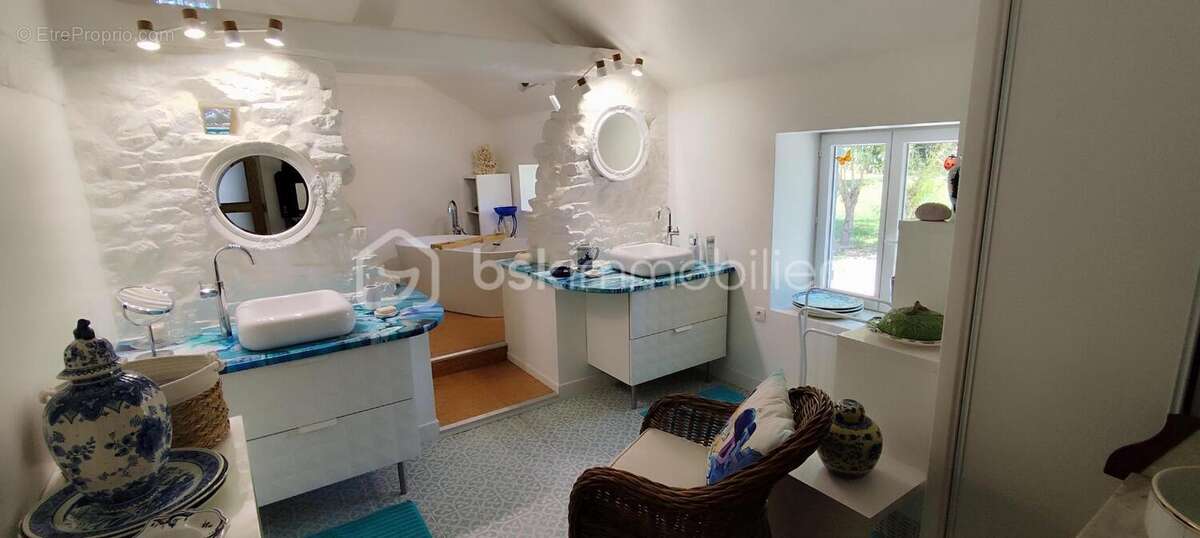 Maison à TORCE-VIVIERS-EN-CHARNIE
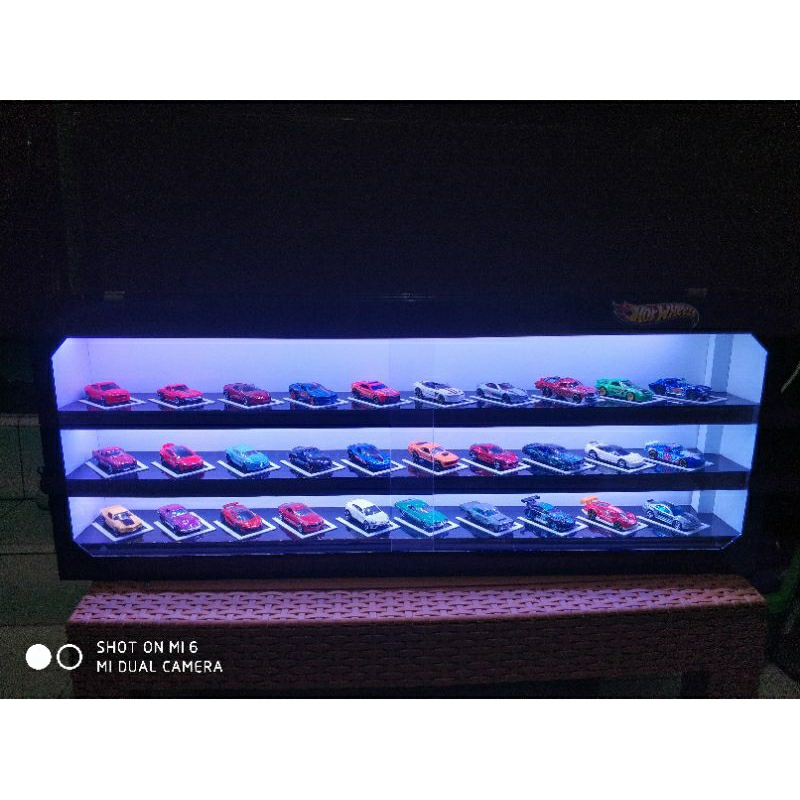 Rak Hotwheels atau diorama display akrilik isi 30 Lampu LED RGB dan Remote Wireless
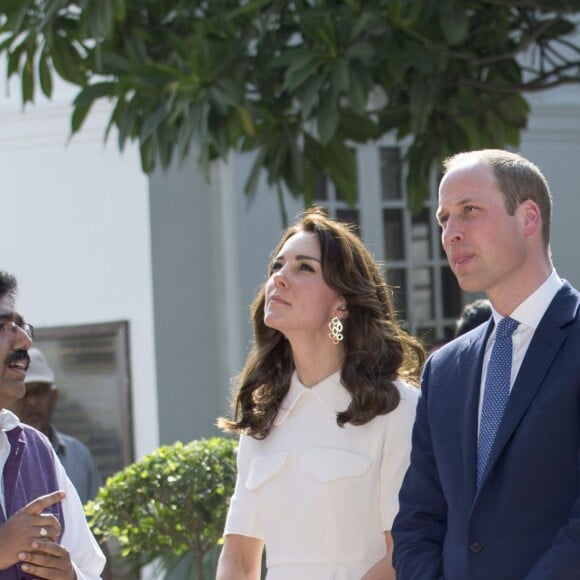 Le prince William, duc de Cambridge, et Kate Catherine Middleton, duchesse de Cambridge, visitent la maison Old Birla au musée Gandhi Smriti à New Delhi, avant d'aller se recueillir sur le mémorial de Mahatma Gandhi, à l'occasion de leur voyage en Inde. Le 11 avril 2016  The Duke and Duchess of Cambridge during a visit to the museum at the Old Birla House at Gandhi Smriti in New Dehli, India, the place where Mahatma Gandhi's life ended on 30 January 1948.11/04/2016 - New Delhi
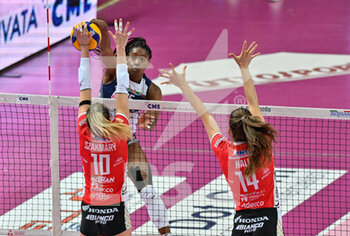 2023-04-19 - Sylvia
Nwakalor (Il Bisonte Firenze) - Greta Szakmary (Cuneo) - Anna Hall (Cuneo) - PLAY OFF CHALLENGE - CUNEO GRANDA S.BERNARDO VS IL BISONTE FIRENZE - SERIE A1 WOMEN - VOLLEYBALL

######

WHAT IS BEING ASKED: In transcribing the lines above, omit the images and keep all else exact.

RESULT FOR THIS EXERCISE:
 Maison à TORCE-VIVIERS-EN-CHARNIE
 Rak Hotwheels atau diorama display akrilik isi 30 Lampu LED RGB dan Remote Wireless
 Le prince William, duc de Cambridge, et Kate Catherine Middleton, duchesse de Cambridge, visitent la maison Old Birla au musée Gandhi Smriti à New Delhi, avant d'aller se recueillir sur le mémorial de Mahatma Gandhi, à l'occasion de leur voyage en Inde. Le 11 avril 2016  The Duke and Duchess of Cambridge during a visit to the museum at the Old Birla House at Gandhi Smriti in New Dehli, India, the place where Mahatma Gandhi's life ended on 30 January 1948.11/04/2016 - New Delhi
 2023-04-19 - Sylvia
Nwakalor (Il Bisonte Firenze) - Greta Szakmary (Cuneo) - Anna Hall (Cuneo) - PLAY OFF CHALLENGE - CUNEO GRANDA S.BERNARDO VS IL BISONTE FIRENZE - SERIE A1 WOMEN - VOLLEYBALL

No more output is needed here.